[[ Data records, beginning ]]

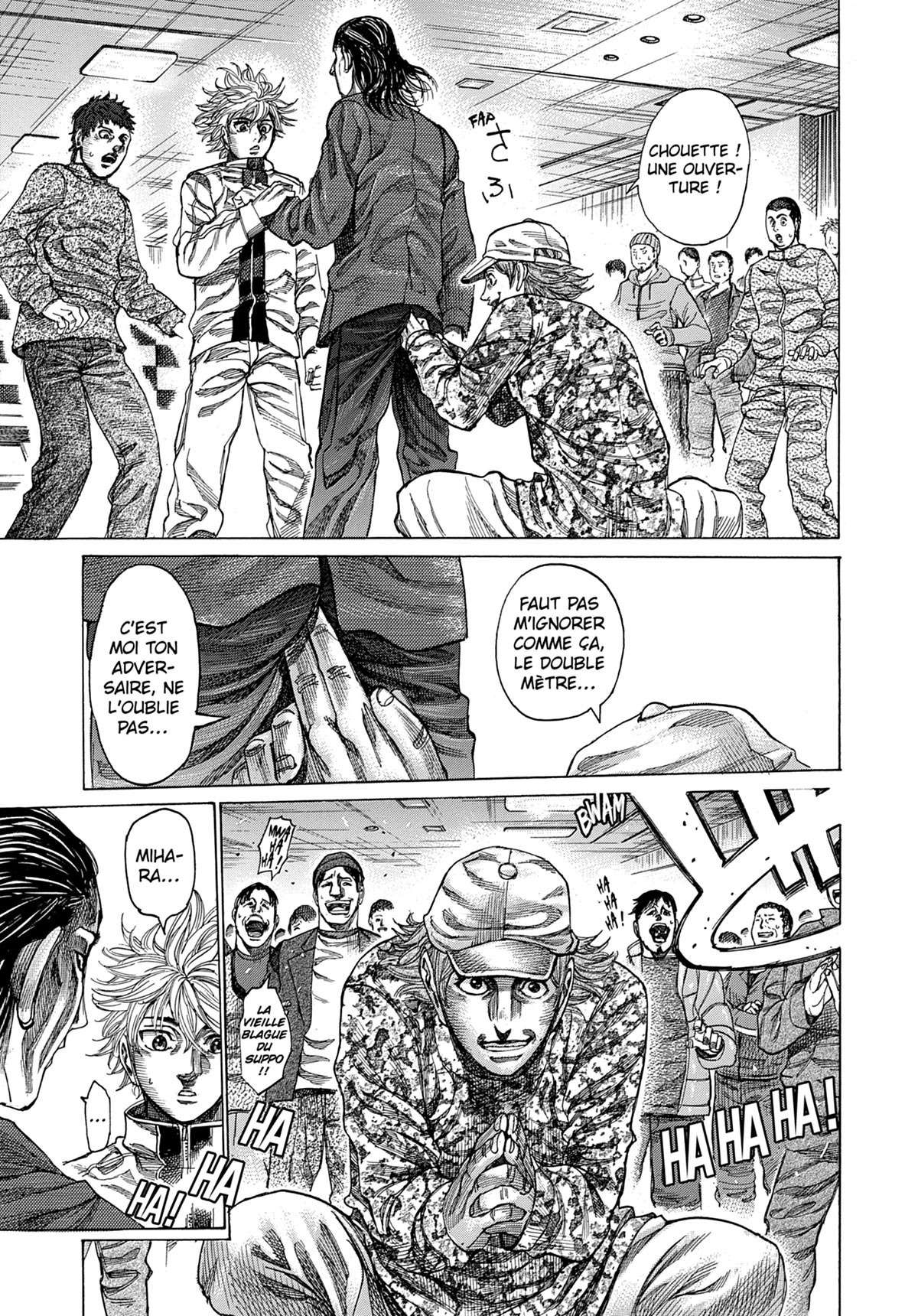 Read Riku-do FR Manga Online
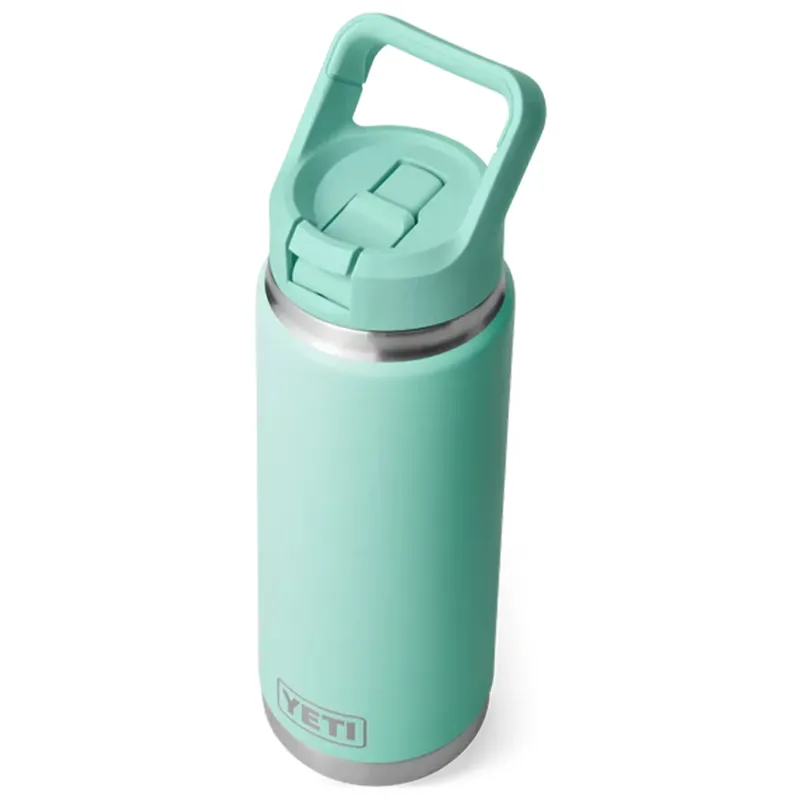 YETI Rambler 26oz/769ml Straw Bottle - Seafoam-1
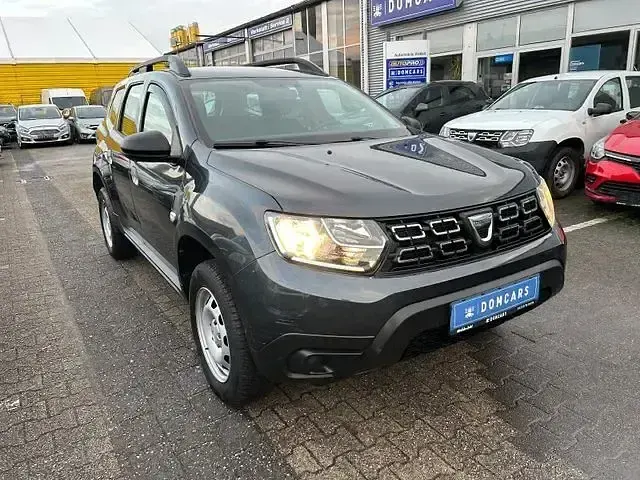Second-hand Dacia Duster Acces 114 CP (83 kW) 2019 Gri SUV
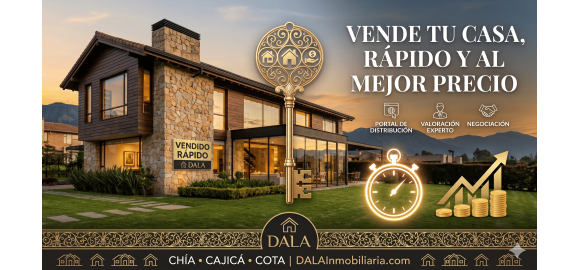 como vender su casa en chia rapido en 2026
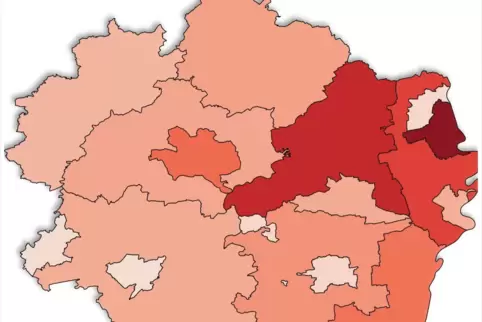 In der Pfalz wurden am Samstag vier Neuinfektionen registriert.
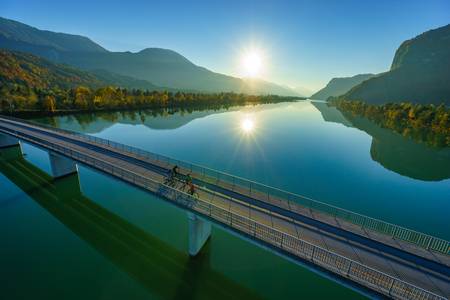 Naturerlebnis Drauvon Spittal bis Klopeiner See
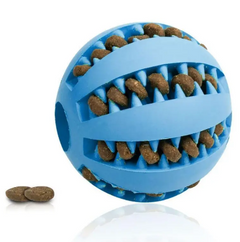 Interactive Rubber Slow Feeder Dog Ball My Store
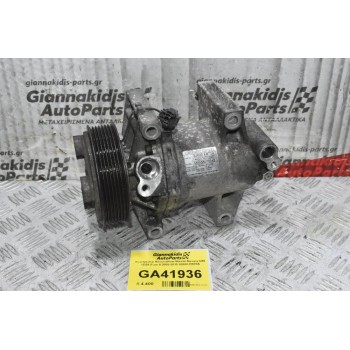 Κομπρεσέρ Aircondition Nissan Navara D40 YD25 Euro 5 2005-2015 92600-EB70A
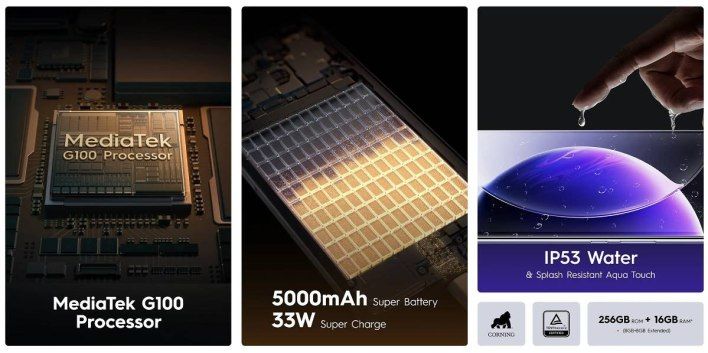 تكنولوجيا: هاتف Tecno Camon 30S يتألق بمعالج Helio G100 وشاشة منحنية 6.78 بوصة وكاميرا Sony IMX896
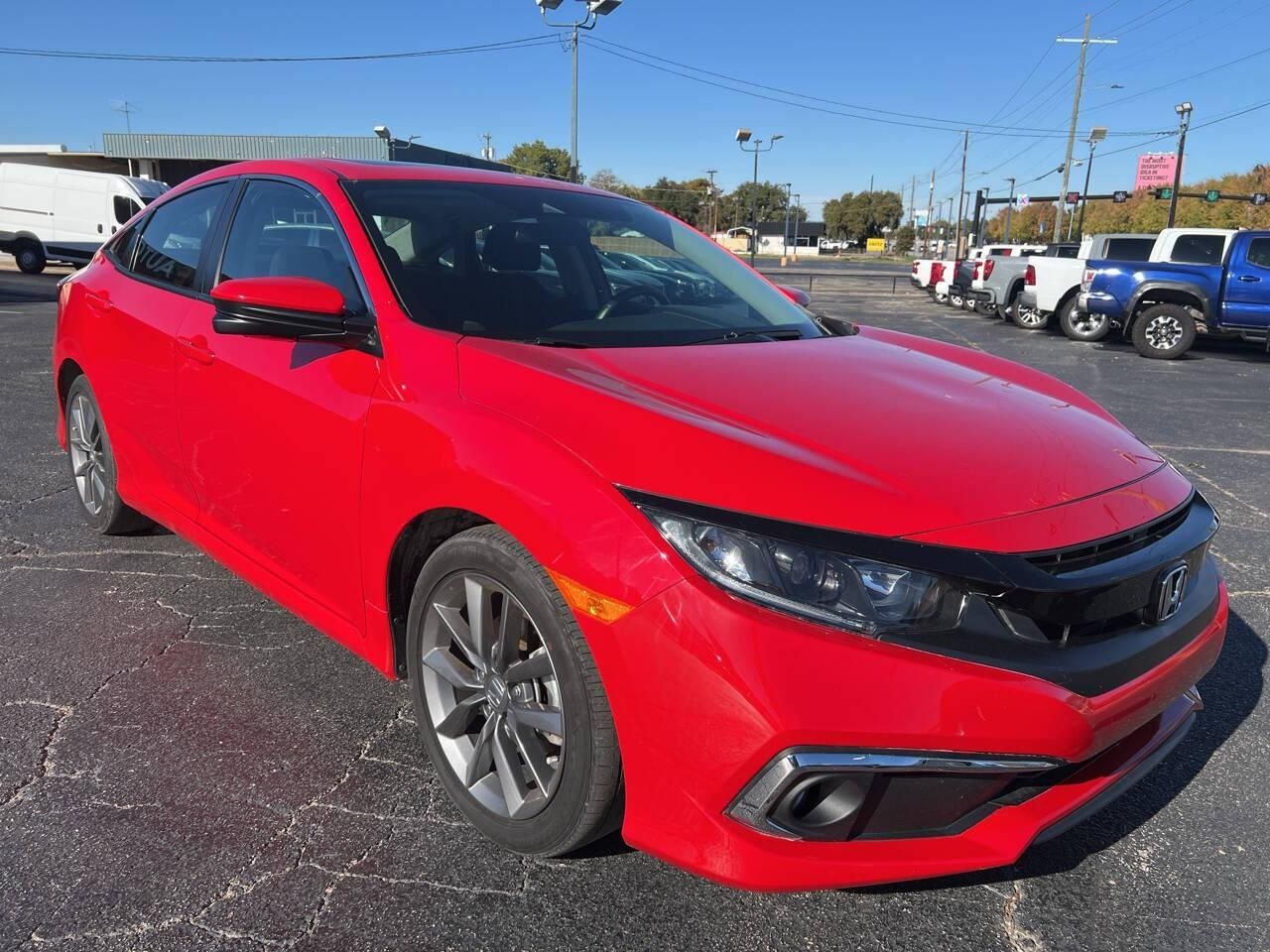 2021 Honda Civic Sedan 2021 Honda Civic Sedan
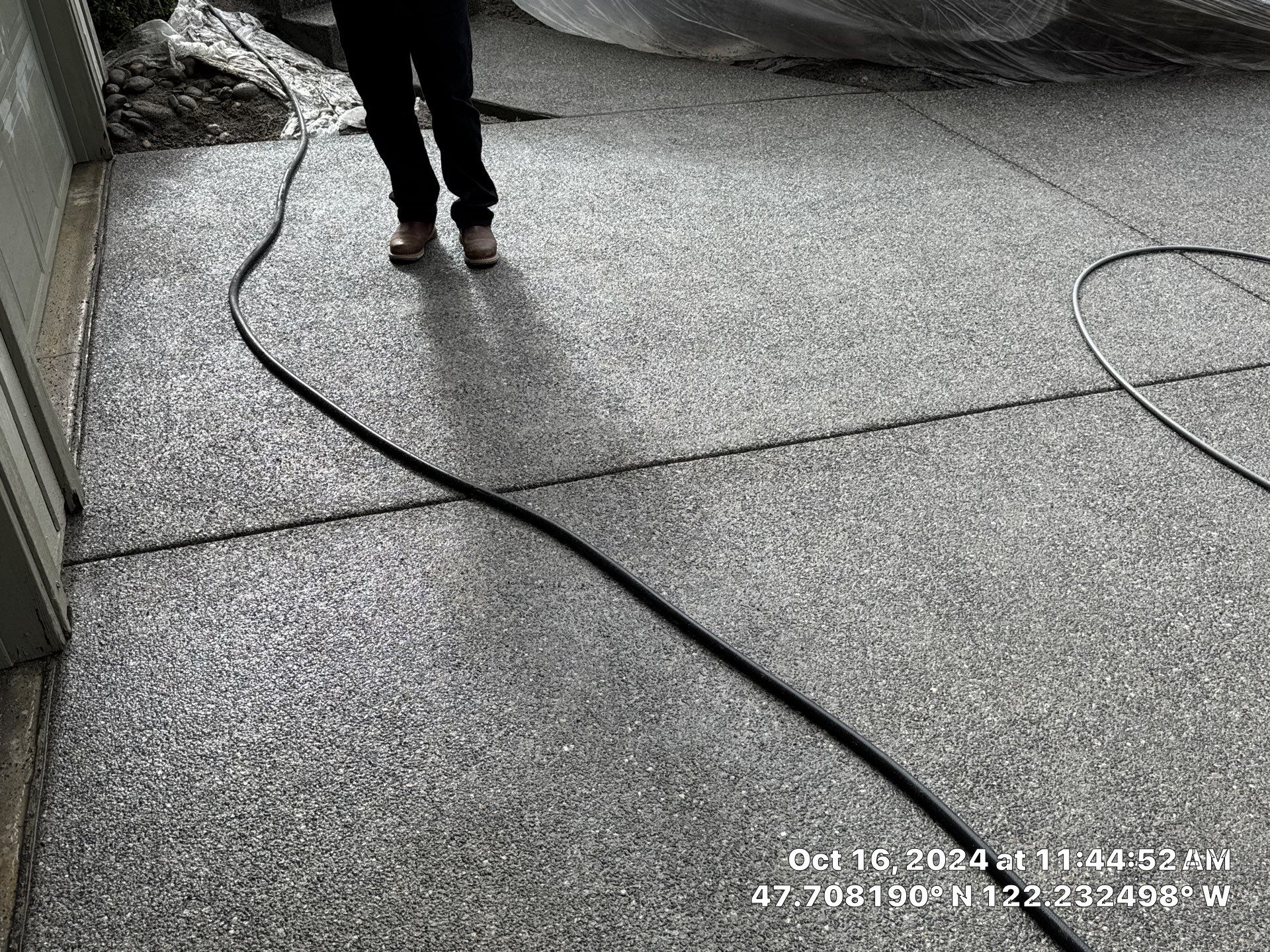 Concrete Driveway Renovation | Kirkland  by Jireh Asphalt & Concrete Inc 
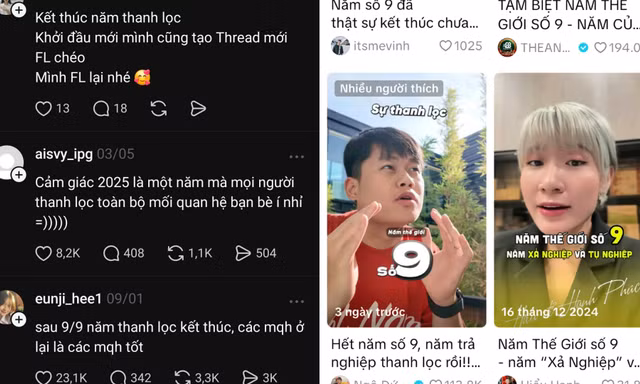 Năm số 9 là gì mà khiến Gen Z 'sốt xình xịch' những ngày qua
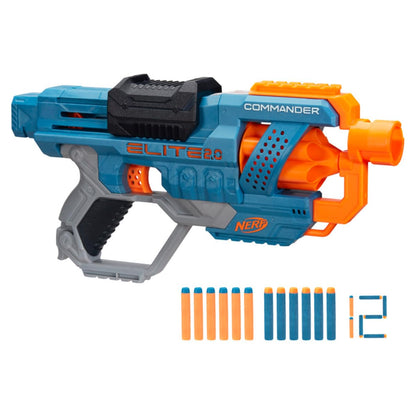 Nerf Elite 2.0 Commander Rd-6 Blaster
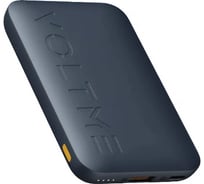 Внешний АКБ VOLTME Hypercore HP10 10000 mAh USB-С+USB-A 22.5W, PD3.0, QC4+, Темно Серый Металлик, B3009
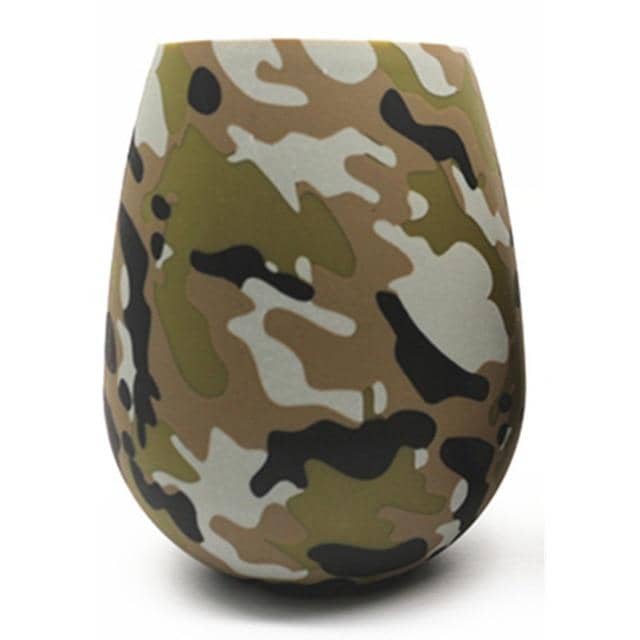 Unbreakable Silicone Wine Glasses-Drinkware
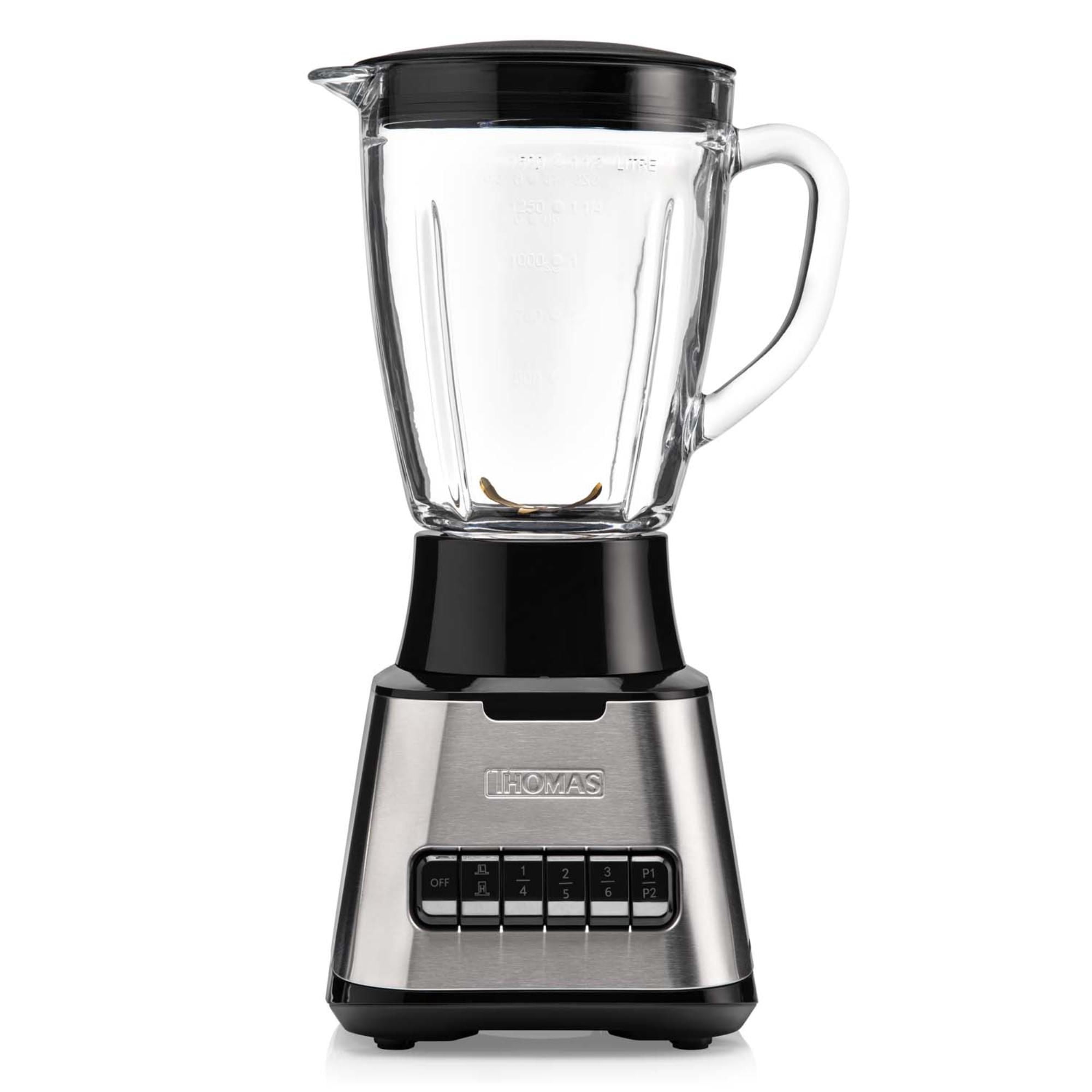 Thomas - Licuadora Th-410Vi 1.5 Litros 600W Negro / Gris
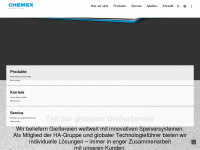 chemex.de Webseite Vorschau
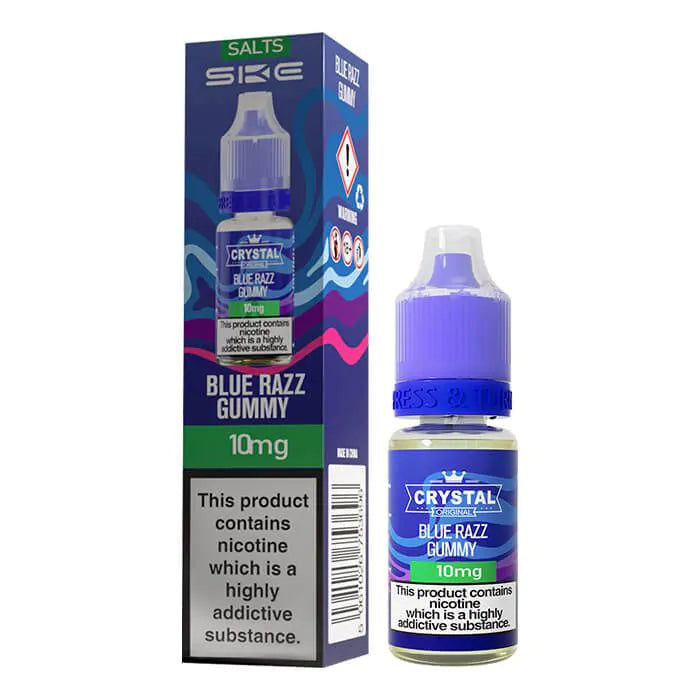 Crystal SKE 10ml Nicotine Salts | Loony Juice |
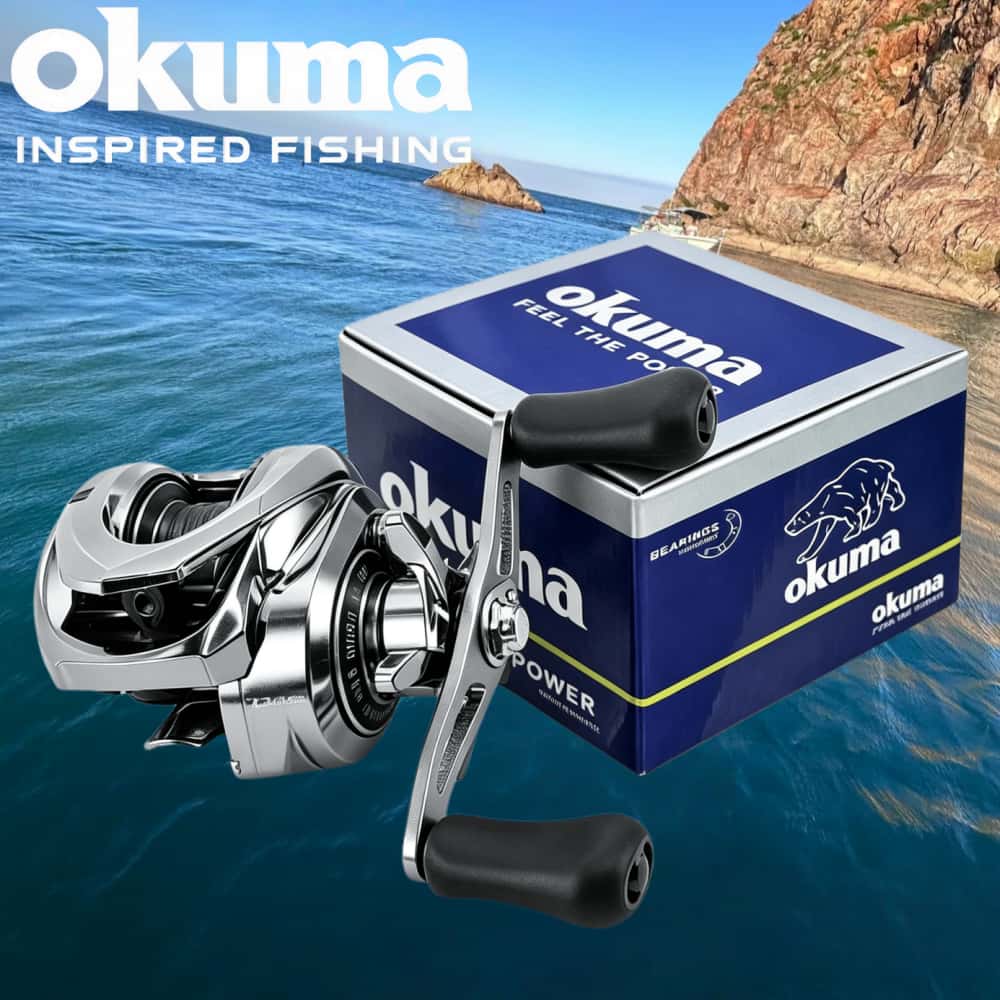 Kastking Reel Zephyr - Nuevo Carrete de Pesca Okuma 7.2:1,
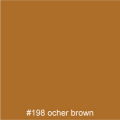 #198 ocher brown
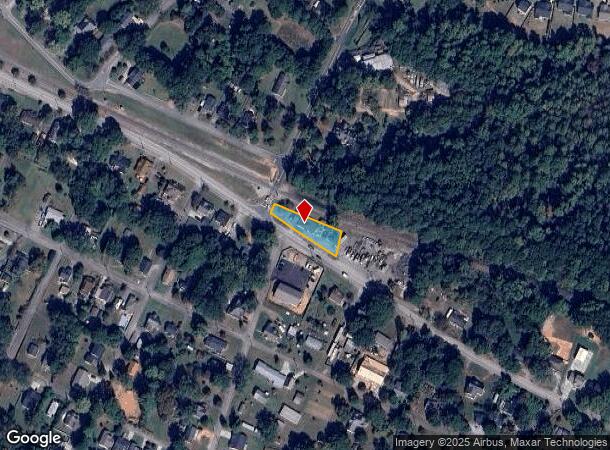 55 E Main St, Inman, SC Parcel Map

[[ Data records, end ]]

**Aim of the task**
Please write out, word for word, only the lines from the one holding "Naturerlebnis Drauvon Spittal" through the end of the records above, with both end lines included and the pictures dropped.

**Answer to the exercise**
 Naturerlebnis Drauvon Spittal bis Klopeiner See
 Interactive Rubber Slow Feeder Dog Ball My Store
 Κομπρεσέρ Aircondition Nissan Navara D40 YD25 Euro 5 2005-2015 92600-EB70A
 تكنولوجيا: هاتف Tecno Camon 30S يتألق بمعالج Helio G100 وشاشة منحنية 6.78 بوصة وكاميرا Sony IMX896
 2021 Honda Civic Sedan 2021 Honda Civic Sedan
 Concrete Driveway Renovation | Kirkland  by Jireh Asphalt & Concrete Inc 
 Năm số 9 là gì mà khiến Gen Z 'sốt xình xịch' những ngày qua
 Nerf Elite 2.0 Commander Rd-6 Blaster
 Внешний АКБ VOLTME Hypercore HP10 10000 mAh USB-С+USB-A 22.5W, PD3.0, QC4+, Темно Серый Металлик, B3009
 Unbreakable Silicone Wine Glasses-Drinkware
 Thomas - Licuadora Th-410Vi 1.5 Litros 600W Negro / Gris
 chemex.de Webseite Vorschau
 Crystal SKE 10ml Nicotine Salts | Loony Juice |
 Kastking Reel Zephyr - Nuevo Carrete de Pesca Okuma 7.2:1,
 #198 ocher brown
 55 E Main St, Inman, SC Parcel Map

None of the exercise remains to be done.